Caption-style text data:
┄┄┄┄┄┄┄┄┄┄┄┄┄┄┄┄┄┄┄┄

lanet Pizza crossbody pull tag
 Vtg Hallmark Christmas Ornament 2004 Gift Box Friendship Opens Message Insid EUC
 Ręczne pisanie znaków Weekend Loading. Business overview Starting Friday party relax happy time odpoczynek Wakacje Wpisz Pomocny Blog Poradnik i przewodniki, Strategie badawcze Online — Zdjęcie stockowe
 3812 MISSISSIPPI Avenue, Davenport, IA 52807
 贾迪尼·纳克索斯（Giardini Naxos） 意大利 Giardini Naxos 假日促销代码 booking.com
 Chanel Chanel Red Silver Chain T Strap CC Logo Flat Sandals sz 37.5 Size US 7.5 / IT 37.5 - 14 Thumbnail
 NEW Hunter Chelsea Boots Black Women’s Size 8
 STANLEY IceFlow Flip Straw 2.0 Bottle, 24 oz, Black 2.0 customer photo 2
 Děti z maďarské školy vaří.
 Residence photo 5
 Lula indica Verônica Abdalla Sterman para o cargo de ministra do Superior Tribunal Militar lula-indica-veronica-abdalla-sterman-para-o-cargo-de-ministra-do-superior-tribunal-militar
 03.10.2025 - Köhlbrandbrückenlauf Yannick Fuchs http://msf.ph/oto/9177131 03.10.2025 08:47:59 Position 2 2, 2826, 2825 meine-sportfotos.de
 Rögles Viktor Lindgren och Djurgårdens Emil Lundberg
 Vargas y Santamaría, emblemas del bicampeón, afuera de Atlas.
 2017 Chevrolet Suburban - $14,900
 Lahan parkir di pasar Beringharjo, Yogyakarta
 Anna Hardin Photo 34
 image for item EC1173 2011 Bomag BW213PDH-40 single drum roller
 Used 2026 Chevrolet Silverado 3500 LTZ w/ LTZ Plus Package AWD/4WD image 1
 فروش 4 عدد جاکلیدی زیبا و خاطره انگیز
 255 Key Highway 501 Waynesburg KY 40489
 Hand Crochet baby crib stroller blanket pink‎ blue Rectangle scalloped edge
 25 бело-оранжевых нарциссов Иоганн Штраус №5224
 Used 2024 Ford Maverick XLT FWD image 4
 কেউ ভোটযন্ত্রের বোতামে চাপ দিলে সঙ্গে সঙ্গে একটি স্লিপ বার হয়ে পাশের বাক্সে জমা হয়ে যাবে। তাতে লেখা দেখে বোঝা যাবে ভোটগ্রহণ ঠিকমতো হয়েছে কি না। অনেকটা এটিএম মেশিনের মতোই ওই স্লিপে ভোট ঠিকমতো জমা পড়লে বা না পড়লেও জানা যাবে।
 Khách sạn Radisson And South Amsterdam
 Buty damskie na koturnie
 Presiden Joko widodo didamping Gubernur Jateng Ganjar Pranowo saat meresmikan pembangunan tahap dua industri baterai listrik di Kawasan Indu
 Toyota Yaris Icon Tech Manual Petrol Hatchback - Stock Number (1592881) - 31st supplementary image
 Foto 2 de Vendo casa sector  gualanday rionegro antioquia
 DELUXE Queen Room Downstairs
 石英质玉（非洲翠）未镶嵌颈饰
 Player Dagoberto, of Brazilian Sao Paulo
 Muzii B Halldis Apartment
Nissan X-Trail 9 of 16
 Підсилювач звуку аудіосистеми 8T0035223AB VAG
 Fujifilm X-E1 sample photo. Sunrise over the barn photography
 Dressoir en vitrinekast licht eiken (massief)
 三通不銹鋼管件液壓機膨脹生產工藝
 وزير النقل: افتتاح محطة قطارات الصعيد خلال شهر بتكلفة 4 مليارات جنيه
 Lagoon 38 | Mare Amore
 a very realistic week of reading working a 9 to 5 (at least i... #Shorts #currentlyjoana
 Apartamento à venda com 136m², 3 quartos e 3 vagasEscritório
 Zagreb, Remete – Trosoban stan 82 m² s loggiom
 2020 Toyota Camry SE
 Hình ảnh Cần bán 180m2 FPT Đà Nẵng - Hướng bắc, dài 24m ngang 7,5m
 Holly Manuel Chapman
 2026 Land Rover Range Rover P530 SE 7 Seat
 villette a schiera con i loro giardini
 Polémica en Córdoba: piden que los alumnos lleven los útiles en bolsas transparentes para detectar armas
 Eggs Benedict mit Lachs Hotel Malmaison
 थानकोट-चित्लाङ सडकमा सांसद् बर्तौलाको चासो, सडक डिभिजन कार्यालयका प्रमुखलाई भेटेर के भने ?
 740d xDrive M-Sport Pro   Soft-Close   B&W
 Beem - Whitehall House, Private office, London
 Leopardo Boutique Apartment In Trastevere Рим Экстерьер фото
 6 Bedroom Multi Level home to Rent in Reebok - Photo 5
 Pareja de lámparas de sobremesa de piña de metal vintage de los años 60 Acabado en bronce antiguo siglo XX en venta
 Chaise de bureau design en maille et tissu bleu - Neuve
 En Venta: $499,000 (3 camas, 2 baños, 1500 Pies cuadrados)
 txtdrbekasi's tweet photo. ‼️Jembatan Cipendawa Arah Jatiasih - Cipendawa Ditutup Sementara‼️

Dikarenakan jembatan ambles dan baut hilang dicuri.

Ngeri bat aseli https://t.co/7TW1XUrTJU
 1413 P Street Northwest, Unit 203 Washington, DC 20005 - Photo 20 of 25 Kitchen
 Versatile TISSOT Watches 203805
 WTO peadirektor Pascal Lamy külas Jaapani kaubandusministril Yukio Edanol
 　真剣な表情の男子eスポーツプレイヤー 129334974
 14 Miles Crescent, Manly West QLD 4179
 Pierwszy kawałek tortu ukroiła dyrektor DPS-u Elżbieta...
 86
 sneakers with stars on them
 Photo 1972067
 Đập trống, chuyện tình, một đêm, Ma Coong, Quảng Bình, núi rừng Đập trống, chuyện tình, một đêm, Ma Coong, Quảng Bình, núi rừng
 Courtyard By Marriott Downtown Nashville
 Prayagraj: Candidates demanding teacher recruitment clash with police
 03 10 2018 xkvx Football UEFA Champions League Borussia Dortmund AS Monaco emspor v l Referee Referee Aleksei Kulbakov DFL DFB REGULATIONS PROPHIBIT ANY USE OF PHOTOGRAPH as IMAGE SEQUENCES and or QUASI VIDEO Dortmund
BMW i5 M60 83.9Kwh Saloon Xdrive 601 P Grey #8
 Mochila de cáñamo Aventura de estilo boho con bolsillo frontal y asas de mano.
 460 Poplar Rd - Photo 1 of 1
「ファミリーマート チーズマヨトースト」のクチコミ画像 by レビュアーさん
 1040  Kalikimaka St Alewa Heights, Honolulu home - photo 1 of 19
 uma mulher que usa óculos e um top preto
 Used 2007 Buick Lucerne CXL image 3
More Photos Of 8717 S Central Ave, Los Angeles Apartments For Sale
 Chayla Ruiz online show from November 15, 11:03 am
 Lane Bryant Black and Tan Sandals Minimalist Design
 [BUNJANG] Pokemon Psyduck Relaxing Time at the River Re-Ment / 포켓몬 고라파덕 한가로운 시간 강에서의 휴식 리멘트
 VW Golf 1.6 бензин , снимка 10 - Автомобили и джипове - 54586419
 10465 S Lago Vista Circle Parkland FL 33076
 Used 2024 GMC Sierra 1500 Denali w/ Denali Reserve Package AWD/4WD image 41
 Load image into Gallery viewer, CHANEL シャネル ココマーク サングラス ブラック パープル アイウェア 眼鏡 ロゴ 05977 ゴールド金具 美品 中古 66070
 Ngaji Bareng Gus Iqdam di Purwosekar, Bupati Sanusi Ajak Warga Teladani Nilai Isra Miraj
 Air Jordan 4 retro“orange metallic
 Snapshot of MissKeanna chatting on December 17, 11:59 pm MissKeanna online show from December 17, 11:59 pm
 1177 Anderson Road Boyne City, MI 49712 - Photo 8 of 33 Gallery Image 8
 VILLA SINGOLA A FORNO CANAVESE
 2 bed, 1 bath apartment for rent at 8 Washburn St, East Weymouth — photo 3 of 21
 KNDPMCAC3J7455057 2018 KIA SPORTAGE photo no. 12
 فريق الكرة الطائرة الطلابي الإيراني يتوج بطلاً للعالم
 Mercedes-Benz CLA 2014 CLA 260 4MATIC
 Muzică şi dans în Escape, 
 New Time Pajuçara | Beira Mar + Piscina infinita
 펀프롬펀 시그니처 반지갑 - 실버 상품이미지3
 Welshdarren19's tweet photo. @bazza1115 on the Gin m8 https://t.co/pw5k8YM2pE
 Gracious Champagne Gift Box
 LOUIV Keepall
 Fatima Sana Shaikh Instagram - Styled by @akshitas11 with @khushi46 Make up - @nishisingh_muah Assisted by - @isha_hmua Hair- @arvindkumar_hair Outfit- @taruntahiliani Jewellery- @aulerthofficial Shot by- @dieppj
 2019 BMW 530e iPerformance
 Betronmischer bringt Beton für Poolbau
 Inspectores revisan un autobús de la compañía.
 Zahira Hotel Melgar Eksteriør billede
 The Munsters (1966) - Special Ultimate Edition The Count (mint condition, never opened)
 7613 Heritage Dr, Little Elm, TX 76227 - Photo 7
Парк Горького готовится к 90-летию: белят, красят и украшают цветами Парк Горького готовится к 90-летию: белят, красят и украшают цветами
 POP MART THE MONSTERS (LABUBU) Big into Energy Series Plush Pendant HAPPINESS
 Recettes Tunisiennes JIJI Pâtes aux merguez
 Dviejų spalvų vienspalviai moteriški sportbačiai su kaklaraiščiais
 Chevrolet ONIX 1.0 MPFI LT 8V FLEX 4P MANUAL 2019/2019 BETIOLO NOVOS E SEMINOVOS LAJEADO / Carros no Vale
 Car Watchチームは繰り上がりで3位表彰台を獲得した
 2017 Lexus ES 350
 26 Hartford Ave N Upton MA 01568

┄┄┄┄┄┄┄┄┄┄┄┄┄┄┄┄┄┄┄┄

- _What the exercise asks_:
Up to and including the line with "NEW Hunter Chelsea", print every line of the records from the start.

- _Exercise answer_:
lanet Pizza crossbody pull tag
 Vtg Hallmark Christmas Ornament 2004 Gift Box Friendship Opens Message Insid EUC
 Ręczne pisanie znaków Weekend Loading. Business overview Starting Friday party relax happy time odpoczynek Wakacje Wpisz Pomocny Blog Poradnik i przewodniki, Strategie badawcze Online — Zdjęcie stockowe
 3812 MISSISSIPPI Avenue, Davenport, IA 52807
 贾迪尼·纳克索斯（Giardini Naxos） 意大利 Giardini Naxos 假日促销代码 booking.com
 Chanel Chanel Red Silver Chain T Strap CC Logo Flat Sandals sz 37.5 Size US 7.5 / IT 37.5 - 14 Thumbnail
 NEW Hunter Chelsea Boots Black Women’s Size 8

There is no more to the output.